* [Work item]
Once the pictures are set aside, copy the data below exactly as it stands.

──────── Input data ────────

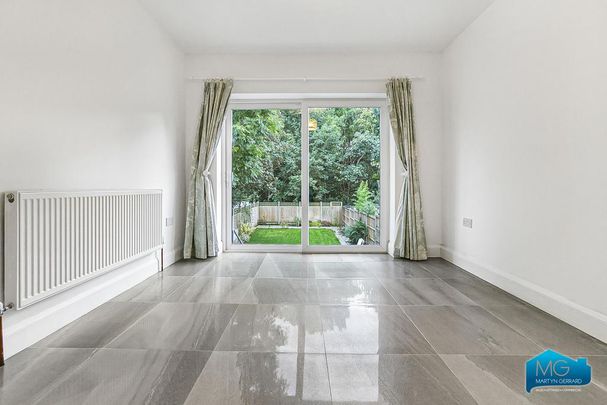 3 bedroom semi-detached house to rent - Photo 1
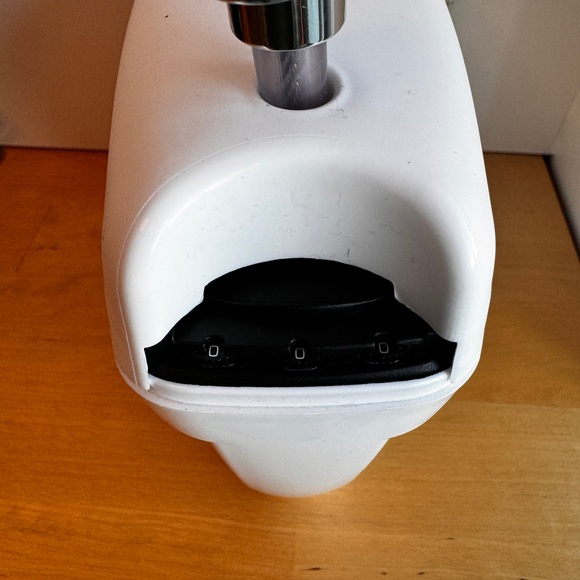 Palm Angels Bag - Picture 9 of 9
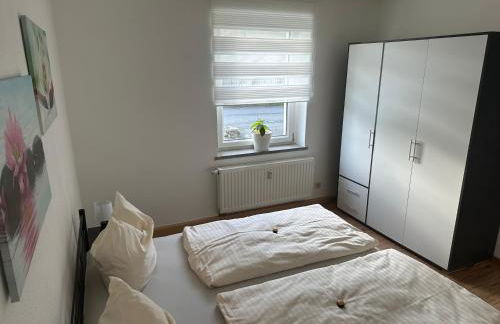 Ferienwohnungen Medikus - Foto 11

────────

* [Output of the exercise]
 3 bedroom semi-detached house to rent - Photo 1
 Palm Angels Bag - Picture 9 of 9
 Ferienwohnungen Medikus - Foto 11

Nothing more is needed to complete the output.